- _Exercise requirements_: Retype, word for word, every line of the records below starting at the one that contains "Smart Cycling Isolated" and ending at the one that contains "Reusable bamboo charcoal"; include both of those lines and nothing more.

····················

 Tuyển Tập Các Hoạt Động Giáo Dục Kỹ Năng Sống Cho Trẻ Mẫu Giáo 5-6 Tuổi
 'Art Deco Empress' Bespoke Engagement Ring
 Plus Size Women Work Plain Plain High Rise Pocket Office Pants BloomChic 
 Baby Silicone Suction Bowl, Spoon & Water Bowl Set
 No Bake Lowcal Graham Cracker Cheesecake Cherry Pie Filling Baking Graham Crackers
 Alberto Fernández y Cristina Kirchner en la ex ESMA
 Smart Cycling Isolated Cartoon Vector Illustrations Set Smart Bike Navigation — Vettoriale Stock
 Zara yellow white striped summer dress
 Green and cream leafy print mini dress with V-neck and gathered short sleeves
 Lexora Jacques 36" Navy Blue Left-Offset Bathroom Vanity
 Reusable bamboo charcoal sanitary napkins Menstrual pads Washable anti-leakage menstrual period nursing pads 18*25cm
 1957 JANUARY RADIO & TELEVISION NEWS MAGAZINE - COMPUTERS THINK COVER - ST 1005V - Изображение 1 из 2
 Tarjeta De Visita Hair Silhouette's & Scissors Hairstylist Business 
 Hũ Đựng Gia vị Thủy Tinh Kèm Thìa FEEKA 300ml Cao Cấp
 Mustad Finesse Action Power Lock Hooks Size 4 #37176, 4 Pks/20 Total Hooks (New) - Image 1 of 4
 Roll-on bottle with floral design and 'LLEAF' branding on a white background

····················

- _Answer section_:
 Smart Cycling Isolated Cartoon Vector Illustrations Set Smart Bike Navigation — Vettoriale Stock
 Zara yellow white striped summer dress
 Green and cream leafy print mini dress with V-neck and gathered short sleeves
 Lexora Jacques 36" Navy Blue Left-Offset Bathroom Vanity
 Reusable bamboo charcoal sanitary napkins Menstrual pads Washable anti-leakage menstrual period nursing pads 18*25cm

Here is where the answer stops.